> **ABOUT THIS EXERCISE**
In your reply, write out each entry exactly as given.

(Caption-style text data)
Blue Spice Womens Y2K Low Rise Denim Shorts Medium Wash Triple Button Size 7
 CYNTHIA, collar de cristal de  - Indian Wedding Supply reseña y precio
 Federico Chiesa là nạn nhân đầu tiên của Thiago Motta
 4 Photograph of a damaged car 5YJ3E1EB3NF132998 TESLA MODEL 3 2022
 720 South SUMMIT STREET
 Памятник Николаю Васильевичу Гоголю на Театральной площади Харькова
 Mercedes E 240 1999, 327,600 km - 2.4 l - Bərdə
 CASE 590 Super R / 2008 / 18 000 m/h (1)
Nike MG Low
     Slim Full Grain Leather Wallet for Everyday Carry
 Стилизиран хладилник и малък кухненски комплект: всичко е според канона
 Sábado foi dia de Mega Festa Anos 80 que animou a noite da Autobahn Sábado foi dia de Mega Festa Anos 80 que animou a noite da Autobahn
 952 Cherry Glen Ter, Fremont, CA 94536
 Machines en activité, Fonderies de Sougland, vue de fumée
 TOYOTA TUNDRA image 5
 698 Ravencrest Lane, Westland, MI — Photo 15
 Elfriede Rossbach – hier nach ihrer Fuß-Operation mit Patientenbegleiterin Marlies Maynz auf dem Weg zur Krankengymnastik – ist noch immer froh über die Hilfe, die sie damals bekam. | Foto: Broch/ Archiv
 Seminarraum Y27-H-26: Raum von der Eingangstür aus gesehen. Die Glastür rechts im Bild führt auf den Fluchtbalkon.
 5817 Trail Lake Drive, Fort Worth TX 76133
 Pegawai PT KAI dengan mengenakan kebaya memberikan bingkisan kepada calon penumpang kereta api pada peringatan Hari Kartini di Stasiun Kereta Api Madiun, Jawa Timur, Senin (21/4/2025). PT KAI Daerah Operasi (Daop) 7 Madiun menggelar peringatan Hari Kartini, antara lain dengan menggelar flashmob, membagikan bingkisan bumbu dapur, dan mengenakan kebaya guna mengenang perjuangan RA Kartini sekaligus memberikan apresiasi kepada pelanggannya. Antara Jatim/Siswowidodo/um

> **ANSWER BELOW**
Blue Spice Womens Y2K Low Rise Denim Shorts Medium Wash Triple Button Size 7
 CYNTHIA, collar de cristal de  - Indian Wedding Supply reseña y precio
 Federico Chiesa là nạn nhân đầu tiên của Thiago Motta
 4 Photograph of a damaged car 5YJ3E1EB3NF132998 TESLA MODEL 3 2022
 720 South SUMMIT STREET
 Памятник Николаю Васильевичу Гоголю на Театральной площади Харькова
 Mercedes E 240 1999, 327,600 km - 2.4 l - Bərdə
 CASE 590 Super R / 2008 / 18 000 m/h (1)
Nike MG Low
     Slim Full Grain Leather Wallet for Everyday Carry
 Стилизиран хладилник и малък кухненски комплект: всичко е според канона
 Sábado foi dia de Mega Festa Anos 80 que animou a noite da Autobahn Sábado foi dia de Mega Festa Anos 80 que animou a noite da Autobahn
 952 Cherry Glen Ter, Fremont, CA 94536
 Machines en activité, Fonderies de Sougland, vue de fumée
 TOYOTA TUNDRA image 5
 698 Ravencrest Lane, Westland, MI — Photo 15
 Elfriede Rossbach – hier nach ihrer Fuß-Operation mit Patientenbegleiterin Marlies Maynz auf dem Weg zur Krankengymnastik – ist noch immer froh über die Hilfe, die sie damals bekam. | Foto: Broch/ Archiv
 Seminarraum Y27-H-26: Raum von der Eingangstür aus gesehen. Die Glastür rechts im Bild führt auf den Fluchtbalkon.
 5817 Trail Lake Drive, Fort Worth TX 76133
 Pegawai PT KAI dengan mengenakan kebaya memberikan bingkisan kepada calon penumpang kereta api pada peringatan Hari Kartini di Stasiun Kereta Api Madiun, Jawa Timur, Senin (21/4/2025). PT KAI Daerah Operasi (Daop) 7 Madiun menggelar peringatan Hari Kartini, antara lain dengan menggelar flashmob, membagikan bingkisan bumbu dapur, dan mengenakan kebaya guna mengenang perjuangan RA Kartini sekaligus memberikan apresiasi kepada pelanggannya. Antara Jatim/Siswowidodo/um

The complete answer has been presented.